Early decision-support tools to help with grouping decisions may assume that social stability is reached and then is maintained, but this would clearly be simplification of reality. Monitoring and then devising means to control the physical:nonphysical interaction ratio would be a valuable tool for producers and consultants. Classic data such as those reported by Krohn and Konggard (1980; cited in Grant and Albright, 2001; Table 4) provide useful information for modeling changes in resting, feeding, and other activity that occurs over time with regrouping. We need similar data from cows managed in larger groups.

A useful tool to assist with proper grouping decisions would need to consider competition for resources, stocking density, group size (and whether it can become too large), group composition (especially primi- and multiparous cows commingled), and degree of commingling and movement between groups, particularly during the transition period when feeding behavior is naturally depressed. A tool that would accurately predict the net effect of these factors on the time budget, assuming deviations from a natural time budget can be related to changes in health and performance, would be a logical research goal.
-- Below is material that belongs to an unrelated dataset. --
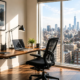 Modern home office with standing desk, laptop, and floor-to-ceiling windows overlooking a city skyline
Stocking Density and Cow Behavioral Responses

Stocking density will affect the time budget of dairy cattle. To date, few experiments have evaluated stocking density, and some were conducted using small numbers of animals per pen. Consequently, the real effect of stocking density on larger group sizes remains unknown. A key difference between small group sizes and larger (more realistic) group sizes is the amount of time that an animal will spend outside the pen for milking and other management procedures. When cows spend too much time away from the pen (basically more than 3.5 h/d), resting time will be reduced (Matzke et al., 2002). Additionally, when primi- and multiparous animals are commingled, resting time is reduced much more for the heifers than for older cows (-2.6 h/d for multiparous cows and –4.2 h/d for primiparous cows; Matzke, 2003).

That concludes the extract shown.